Note, that you can always get the answer n–1. To get this result you should make first n–1 equal using the last element as the second element in pair of given operation. But after it, the whole array could become equal. It could happen if the sum of array’s elements is divisible by n. So the answer is n–1 or n.

This problem was rather mathematical. The correct solution is: firstly take every element once, then take the maximum and any other, then two maximums and any other, then three maximums and any other and so on. In this case, you get as many sets as you need in this problem. It is easy to check, that all sums will be different.

This problem could be solved in this way: create new graph where vertices are the colors of the given graph. The edge between vertices u and v belongs this new graph if there are two vertices a and b in the given graph such that c[a] = u and c[b] = v. So, the answer is such color k with minimum number, that the degree of the vertex k in the new graph is maximum (without multiple edges).

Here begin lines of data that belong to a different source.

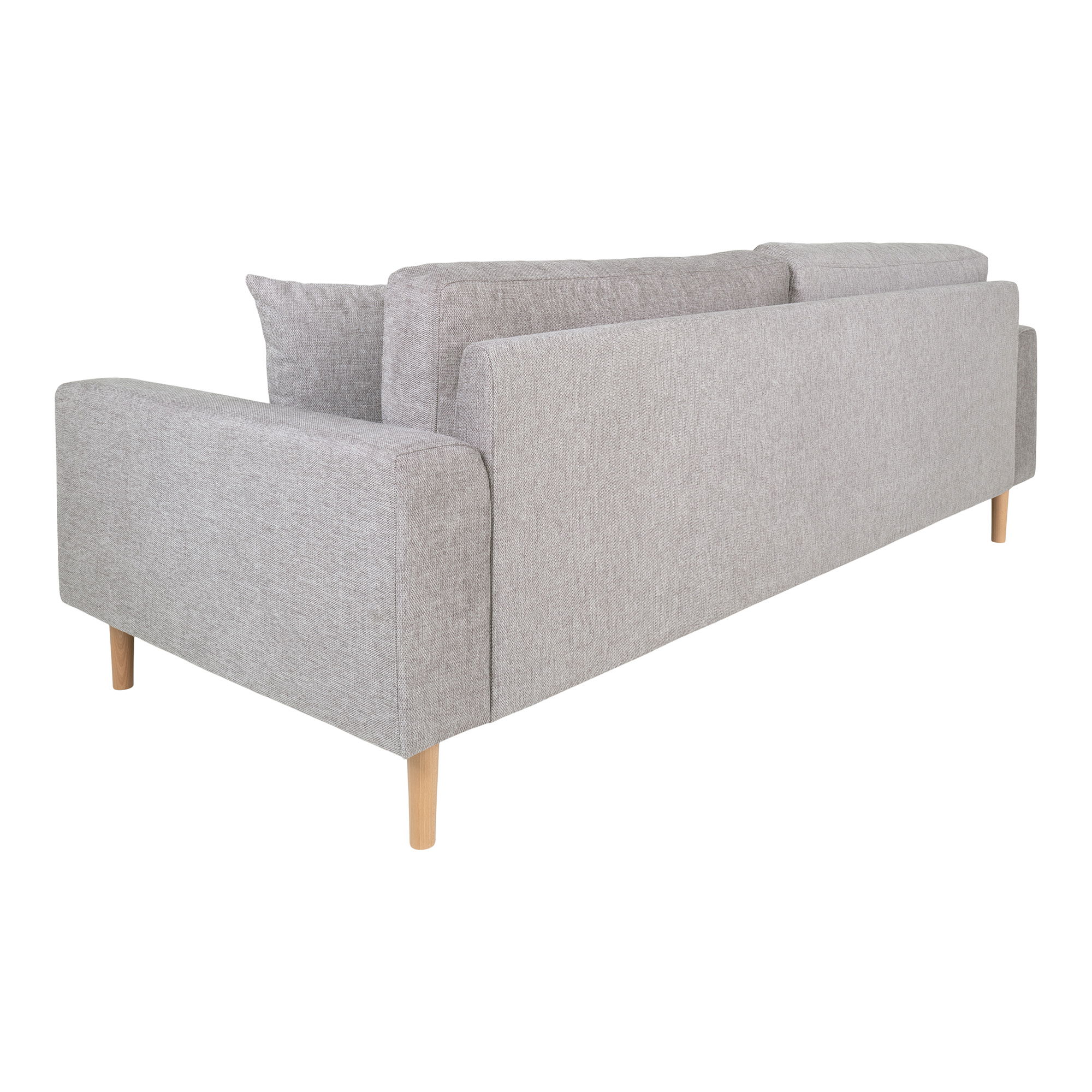 Sofa wypoczynkowa 3-osobowa LIDO jasnoszara, naturalne nóżki - 1301750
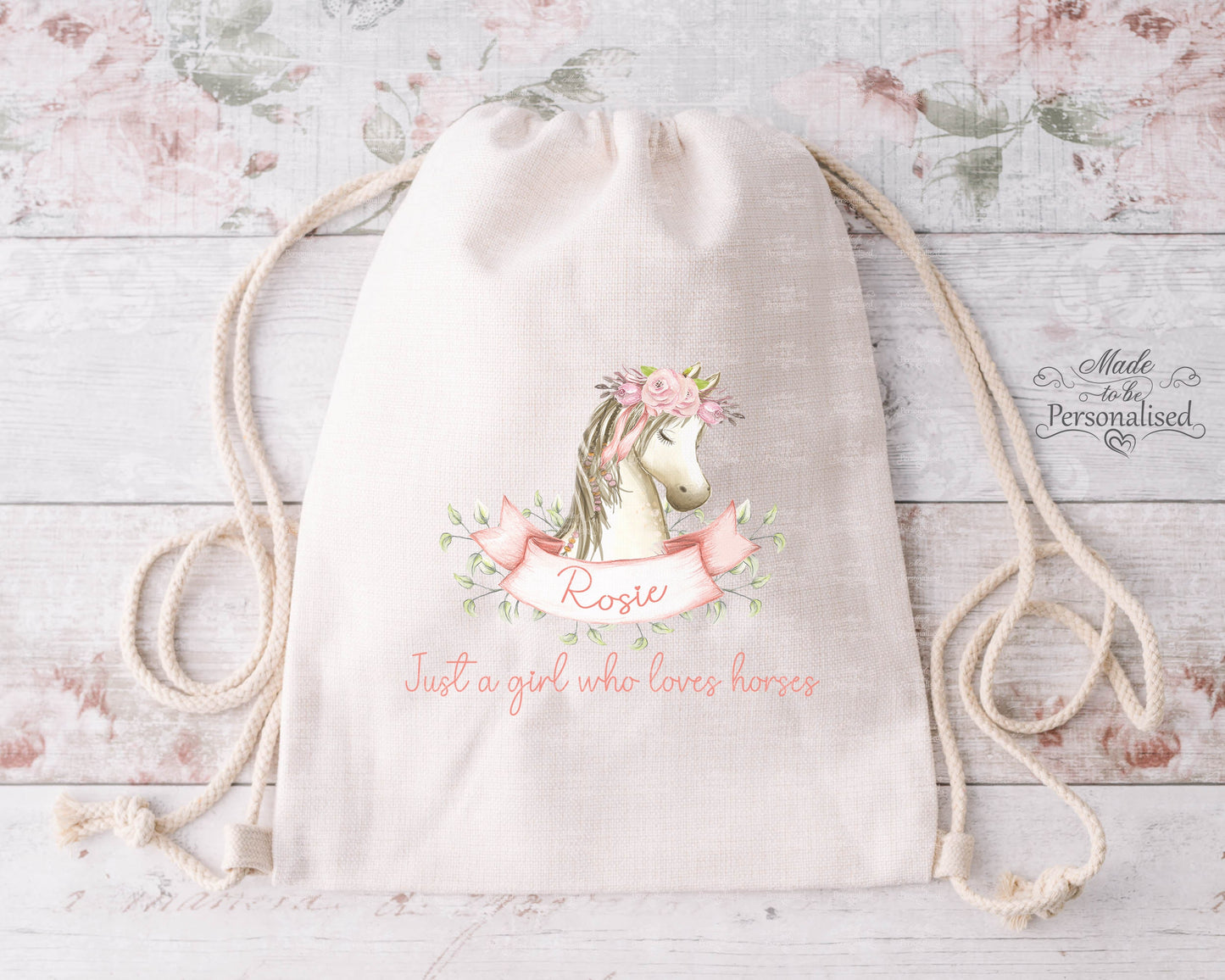 Personalised horse gym bag, Pink watercolour horse design, pink pony, horse riding bag, back to school, horse gift for girls, Birthday gift,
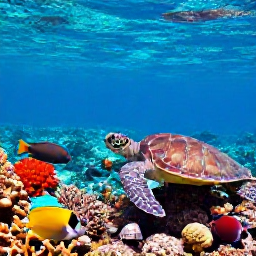 Caribbean Holidays, Coral Viewing, Colourful Caribbean coral reef with parrotfish, angelfish and sea turtles in clear blue water
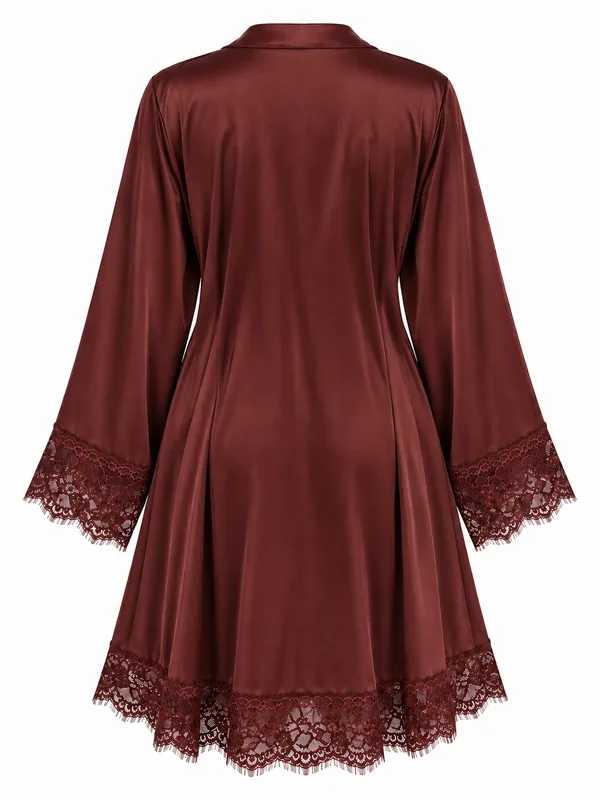 Lace-Trim Crisscross-Back Babydoll, Coffee, studio, back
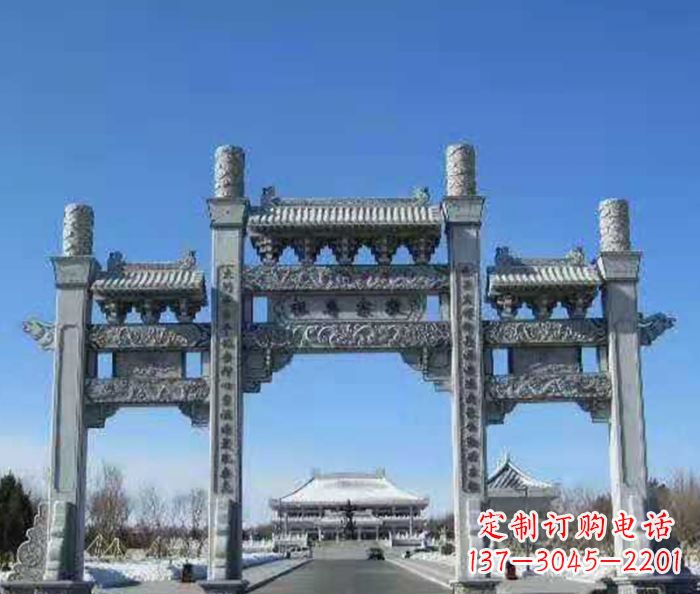 河南仿古三门石牌坊 (2)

Such solution could be written using O(M·log(N)) time.

This problem had little in common with problem 208E - Blood Cousins. In comments to this problem there was given a solution using structure deque (array in which you can add or delete elements from both endings). Let’s describe solution using this structure.

Firstly all different names change with different integers and for every vertex v save all queries with this vertex. Then for every vertex, which is root of some tree make dfs, the parameters of dfs are vertex v and deque <set > z. This deque for every depth i of the subtree of v save set — all different names (integers) on depth i.

This deque could be calculated simply. Consider all sons of v and calculate such deque for them. Obviously, the size of our deque z will be maximum of sizes of descendants’ deques. Then consider every descendants’ deques and merge appropriate sets of integers. Of course, we will merge smaller set to a larger set. After that you should insert to the beginning of deque z the set of size 1 — color of vertex v.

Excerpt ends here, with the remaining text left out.